Opening the AI Agent Black Box — How to See Inside Your Agent with LangSmith [2026]

📌 Level: Intermediate (AI agent development experience recommended) ⏱️ Reading time: ~13 minutes 🛠️ After reading this: You’ll be able to implement agent tracing, evaluation, and monitoring with real, working code


You deployed your agent.

It works at first. Then a few days later a user says:

“It was fine yesterday, but now it’s giving weird answers.”

You open the logs. ERROR: None is all you see. What the agent was thinking, which tool it chose and why, where it went wrong — none of it is visible.

This is the most common pain in AI agent development.

With regular software, when something breaks you read the stack trace. But an AI agent is a complex flow where the LLM makes decisions at every step, calls tools in sequence, and passes intermediate results to the next stage. If you can’t see what’s happening, you can’t fix it.

LangSmith was built to solve exactly this problem.
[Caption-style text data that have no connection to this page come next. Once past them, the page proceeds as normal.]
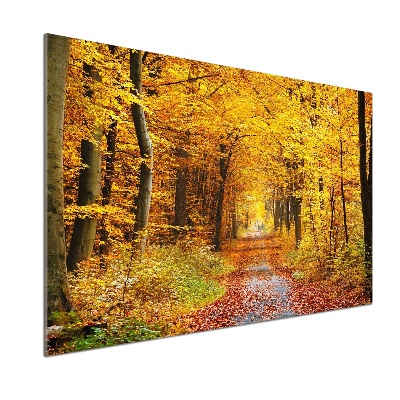 Panel dekor szkło Las jesienią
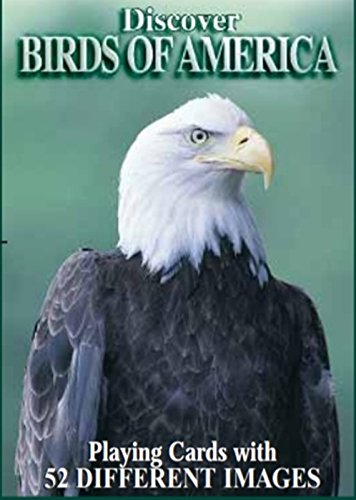 Discover Series Fun Playing Cards - Informational & Educational (Birds of America)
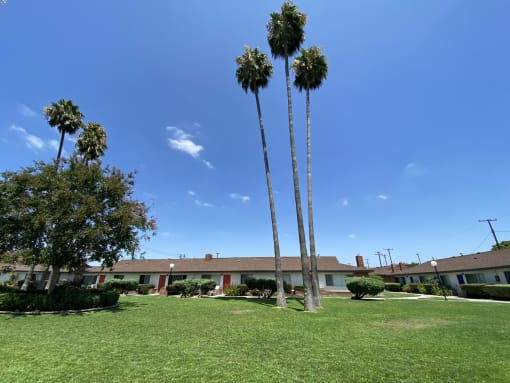 Orangewood Garden Apartment Homes in Anaheim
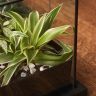 Флорариум «Растения в доме» фото 3 &mdash; Luxury Plants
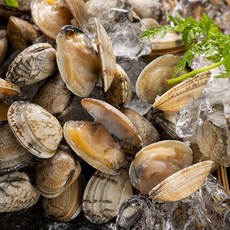 냉동 바지락 500g x 2팩 4팩 (손질 해감 세척 완료)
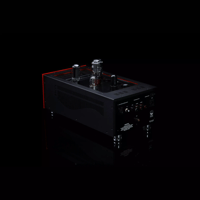 SW1x MPA II “Morpheus” Mono Power Amplifier variant 7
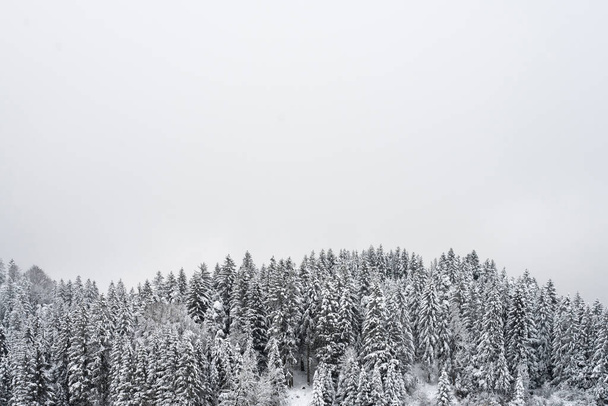 Horizontal winter background with white snow covered forest trees and white above - Photo, Image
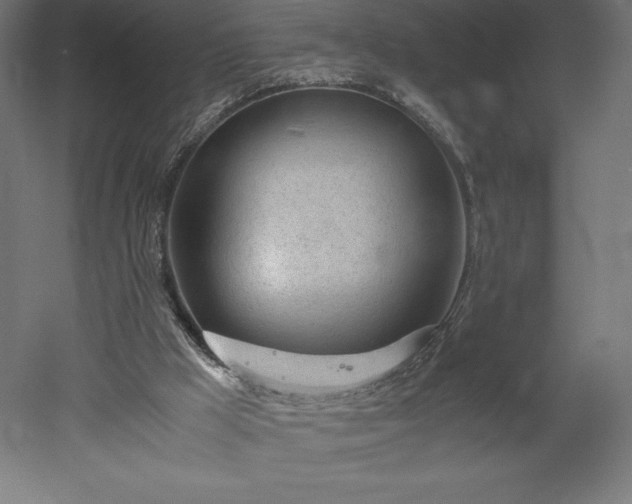 X0000051910009200507011545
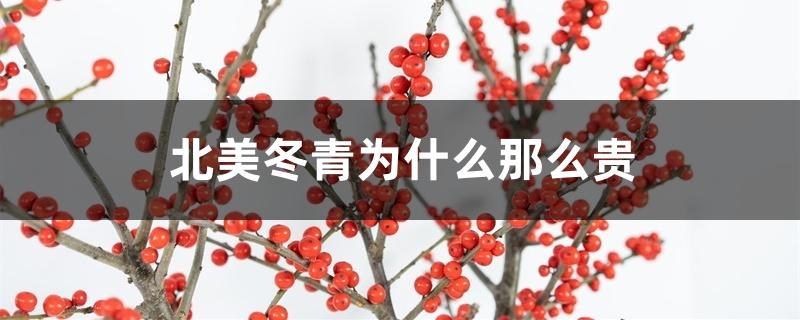 北美冬青为什么那么贵
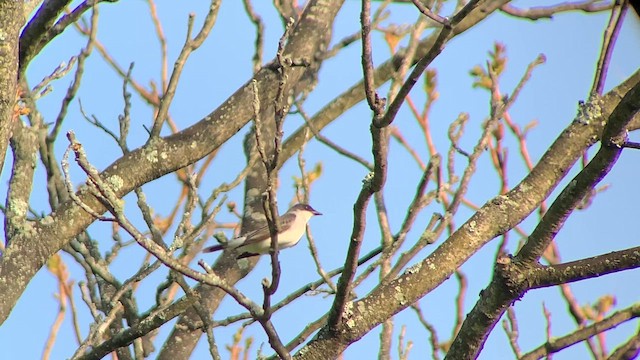 Eastern Kingbird - ML618132418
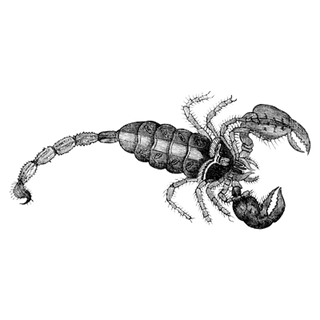 kafyahidre profile picture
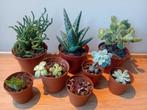 8 vetplantjes set 5- 15cm, Ophalen, Vetplant, Halfschaduw, In pot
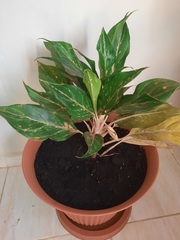 Aglaonema commutatum
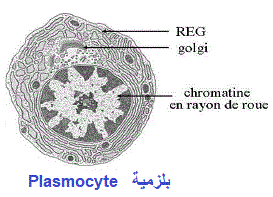plasmocyte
Why Agent Observability Is Non-Negotiable

“Traces are the only record of what your agent did and why.” — LangChain Official Documentation

LLM-based agents are inherently non-deterministic. The same input can lead to different execution paths. That’s why reading the code alone isn’t enough to understand actual behavior — you need to see the execution record.

What LangSmith provides:

  • Tracing — Visualizes every LLM call, tool execution, and intermediate reasoning step
  • Evaluation — Measures agent response quality with data-driven metrics
  • Monitoring — Tracks cost, latency, and error rates in real-time in production
  • Continuous improvement — Turns failure cases into datasets for regression testing

📊 Table of Contents

  1. Setting Up LangSmith in 5 Minutes
  2. Tracing — Watching Your Agent’s Internals in Real Time
  3. Reading Traces — Diagnosing Where Things Went Wrong
  4. Evaluation — Measuring Quality in Numbers
  5. LLM-as-Judge — Using AI to Evaluate AI
  6. Production Monitoring — Real-Time Dashboards
  7. The Continuous Improvement Loop — Failures → Datasets → Regression Tests
  8. Cost & Latency Optimization

1. Setting Up LangSmith in 5 Minutes

pip install langsmith langchain langchain-anthropic python-dotenv

.env file:

# LangSmith API key (free at smith.langchain.com)
LANGCHAIN_API_KEY=your-langsmith-api-key
LANGCHAIN_TRACING_V2=true # Enable automatic tracing
LANGCHAIN_PROJECT=my-agent-project # Project name
# Anthropic
ANTHROPIC_API_KEY=your-anthropic-api-key

That’s it. With just three environment variables, every execution of a LangChain/LangGraph-based agent is automatically recorded in LangSmith.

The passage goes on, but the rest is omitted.